Hopefully I have enough to do with different kind of technologies and I can compare. Many of the famous 'high end' designers are just amateurs in EE, without any deeper knowledge of anything, but marketing.
 
Yes it is extremely difficult to understand and accept. Even in a steel case which is far more efficient at shielding 50 and 60 hz magentic fields than copper or aluminum, as I pointed out earlier the losses from all sources is only 8% and eddy current losses in the core and the case are the least of it. Let's see your calculations with real numbers and how you apply the formulae in Maxwell's laws to predict eddy current losses or any other magnetic field losses in copper or aluminum.

They keep the losses low by using thin laminations, just try keeping the efficiency up if you use thicker laminations. On extremly large transformers and also the early 25 Hz transformers in the states they used thicker laminations.

I thought your writings were a breath of fresh air in this thread until you lost the plot with your stubborness over using thick conductors to remove AC magnetic fields.
It may not be the most efficient means of doing so, but it surely works , that is why have a skin depth for any conductor at a particular frequency.
 
If you go to IKEA and buy 80 drawers and rails, stick 'm in 4 closets, you end up with 1600 compartments.

Doesn't hold any transformers, big caps, or chassis parts though (sigh, the burdens of a drawer fetishist, me go clean kitchen now)

Hehehe.

Those look nice!

I'm something of a drawer fetishist myself.

My mother used to work as a custodian at one of the local high schools. When the library was "upgrading" by computerizing their index and getting rid of their card indexes, I was able to grab a couple of beautiful card index files made back in the 1950's out of solid hardwood by Remington Rand.

I also got a couple of big vertical gray metal card file cabinets made about the same time by Art Metal.

They're both beautifully well made and as rugged as it gets. As they say, they don't make 'em like they used to.

And just as an OT aside, I think it's stupid for libraries to get rid of their card indexes.

Some years ago I went to one of our local public library branches. Both the power and the phone lines were out because of a careless backhoe operator.

I asked the librarian where their card files were. She said they had got rid of them after they upgraded to the computerized indexes.

Idiots.

se
 
got rid of them after they upgraded

Tell me about it, i visited the refit of the Cunard QE2 cruise ship in Hamburg, late 80s.
The entire interior was thrown into dumpster containers, should have seen some of the furniture and one-off cabinets, up for grabs, brought tears to my eyes that i hadn't brought a 40t truck along.

Either/or is rather dull, no ?
 
Tell me about it, i visited the refit of the Cunard QE2 cruise ship in Hamburg, late 80s.
The entire interior was thrown into dumpster containers, should have seen some of the furniture and one-off cabinets, up for grabs, brought tears to my eyes that i hadn't brought a 40t truck along.

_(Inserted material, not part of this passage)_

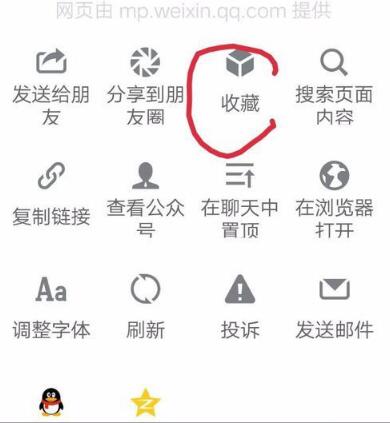 微信App收藏功能怎么用？一键解锁高效存储秘籍！ 2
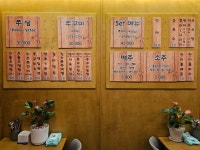 매콤쭈선생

Either/or is rather dull, no ?

Agreed.

Your story about the QE2 is rather like a story a friend of mine told me the other day about the Bata Shoes office in Toronto. Full of rosewood paneling and furnishings. Was leveled and hauled off.

se
 
Agreed.

Your story about the QE2 is rather like a story a friend of mine told me the other day about the Bata Shoes office in Toronto. Full of rosewood paneling and furnishings. Was leveled and hauled off.

se

I think there's a lot more salvage going on these days. I've seen some incredible ebay sales from closed Catholic churches. Imagine that white marble altar in your kitchen. My mother bought an entire pew for her livingroom.